But Fallout 2 feels weird. Like watching a film from the 60s and suddenly they start blaring Can and stripping. Like seeing a mutant strain of what you’ve been told about the era.
The first Fallout was a small affair, with a small team, a small budget, decent sales, and great reviews. The second is an entirely different beast, overblown with bizarre factions, complex side quests, mountains of cut content, and entire multi-hour story arcs resigned to optional areas the endings of which can be determined entirely by whether or not you have a condom in your inventory.
Rather than being the tale of a lone sheltered hero getting chewed up and spit back out by the wasteland that the franchise has become known for, Fallout 2‘s narrative is an epic of “the chosen one” taking down psychopathically jingoistic remnants of the United States government. It’s a ludicrous tale, fully pushing past its predecessor’s political coda on man’s destructive urges into a rampaging parody of the American government, cinema, video games, and even Fallout itself. It’s a game that simultaneously deconstructs and reconstructs all the tropes of the overloaded and obtuse CRPGs of the late 90s whilst also executing that same formula so well that it stands out as one of the best of its generation.
But Fallout 2 is not the Fallout I think most are familiar with. Its combat is slow and, in all honesty, lacking in real tactics. Its quest design is obtuse to the point I highly recommend scouring old forums for one of the many bible-sized game guides. It’s a great contrast to what Fallout has become.
That’s, of course, the pressing question. How do we go from the pseudointellectual top-down epics to first-person multiplayer survival games like Fallout 76? Many blame Bethesda entirely, if you ever go on old-school forums like No Mutants Allowed, they’ll declare Fallout 3 an abomination and share details on the legendary Fallout Van Buren, the original Fallout 3 that black isle studios were developing before they were shut down. But I don’t hate Bethesda, it was through Fallout 3 and Fallout New Vegas that I was introduced to the franchise. I still have fond memories of getting up early before my parents awoke and booting up my dad’s PS3 to snipe mutants and raiders whilst listening to 50s hits like ‘It’s All Over but the Crying’ via the in-game radio.
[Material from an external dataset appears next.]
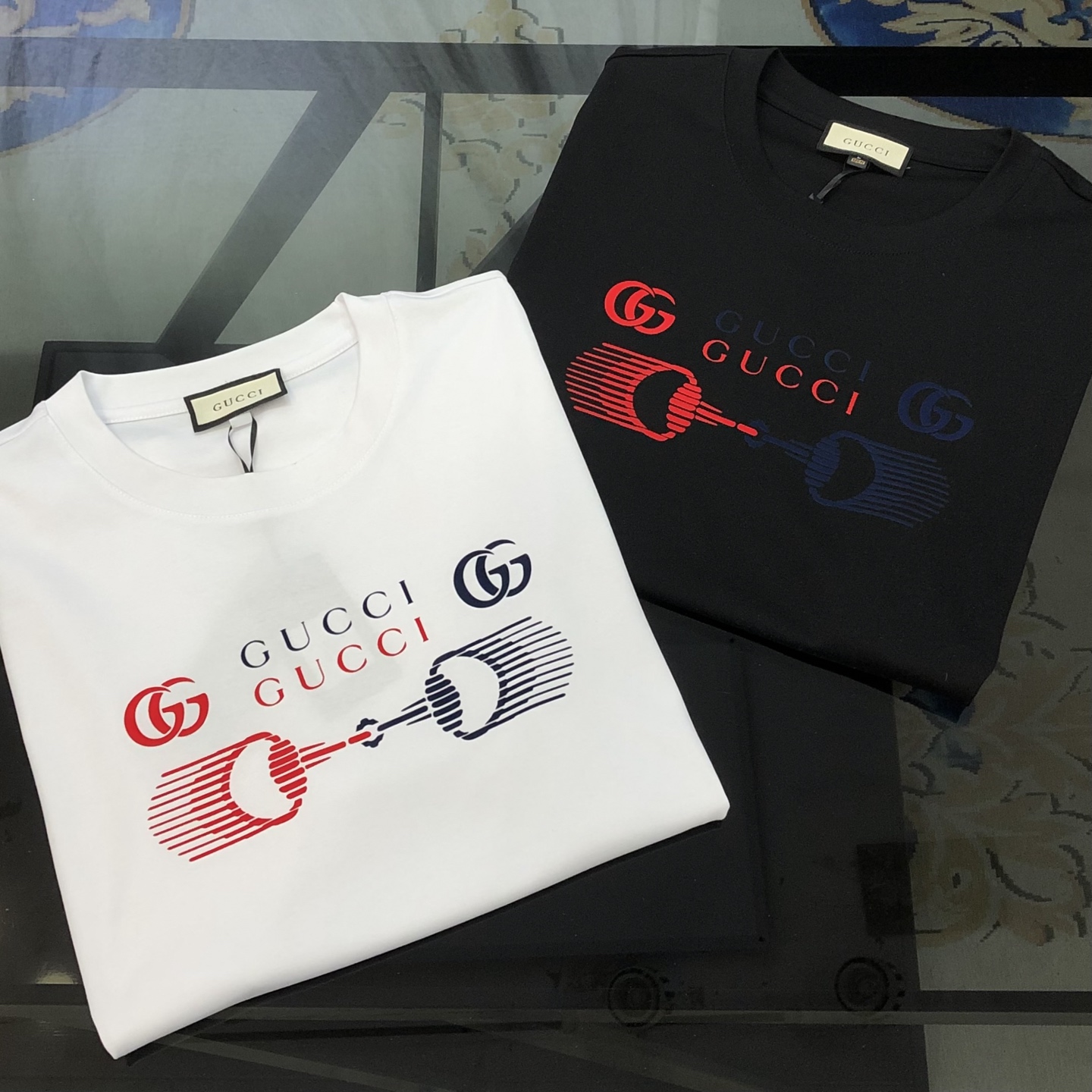 NO:902066,G*cci Gucci 2026 spring and summer new original men's round neck short-sleeved T-shirt, high-end customization, fashionable and versatile, sold simultaneously at the counter, printed letter logo pattern design, custom-made imported liquid ammonia cotton fabric, skin-friendly and comfortable to wear, soft and breathable fabric, very delicate to the touch. Single-needle locking technology is used throughout the interior!  It can ensure that it will not deform when worn!  The tailoring is decent, without any sense of restraint, and the workmanship of the factory is fine. It shows temperament and class. The upper body is very handsome. Sizes M-4XL (the largest size can wear about 195 pounds. Please state your height and weight when placing an order). Black, white, T-shirt, tees, t-shirt,19860909G*cci 古齐2026春夏新款原单男士圆领短袖T恤 高端定制 时尚百搭 柜台同步售卖 印胶字母logo图案设计 客供定制进口液氨棉面料,穿着亲肤舒适 面料柔软透气 摸上去非常细腻的感觉.内里全部采用单针锁边工艺！能够确保穿着不变形！裁剪得体,没有任何束缚感,代工厂做工精细 显气质 显档次 上身非常帅气 尺码M-4XL（最大码可穿195斤左右 下单请报身高体重) 黑色 白色,,T-shirt,tees，t-shirt,,Men's clothing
I’m even of the opinion that the Bethesda generation produced the franchise’s best work, Fallout New Vegas. A perfect RPG that truly delivers on what Fallout offers to explore. Not the end of the world but the way we use the signifiers and symbols of the world we lost to try and make sense of the new world we find ourselves in. This is in no small part thanks to it being developed by Obsidian Interactive, a studio made up of many of the original writers for the first two Fallout games.
Yet beyond New Vegas, I find contemporary Fallout hard to love. For as much as I enjoy the gorgeously rendered worlds and streamlined gameplay the subtlety is gone. Vault suits are tacked on everywhere. The same Factions’ characters and plot lines reappear across every state of post-nuclear America. It feels less like each game is a further exploration of the post-apocalyptic world and more like taking an existing location and smothering it in a Fallout coat of paint.
That’s not to say the spirit of those old games is gone. While Fallout as a franchise feels dead in the water, its legacy lives on in a new generation of burgeoning CRPGs and adventure games. Games like Citizen Sleeper, Disco Elysium, and Norco with their focus on political and philosophical themes, complex worlds, and dense prosaic writing feel like torchbearers for the first two Fallout’s. Taking their wit, inventiveness and so much more and pushing them forward into the post-internet era.